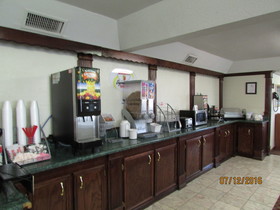 Super 8 by Wyndham Kingsville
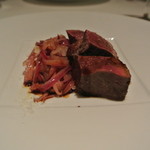 リストランテ カノフィーロ - 平取牛ハツのグリーリア　トロペア産赤玉葱と生姜のソース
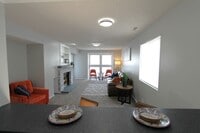 Building Photo - Large one bedroom with amazing vaulted cei...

#### What to do:
Transcribe the span of lines that runs from the line with "リストランテ カノフィーロ - 平取牛ハツのグリーリア　トロペア産赤玉葱と生姜のソース" to the end of the data, both ends included, exactly, with nothing else and no pictures.

#### Solution to this task:
 リストランテ カノフィーロ - 平取牛ハツのグリーリア　トロペア産赤玉葱と生姜のソース
 Building Photo - Large one bedroom with amazing vaulted cei...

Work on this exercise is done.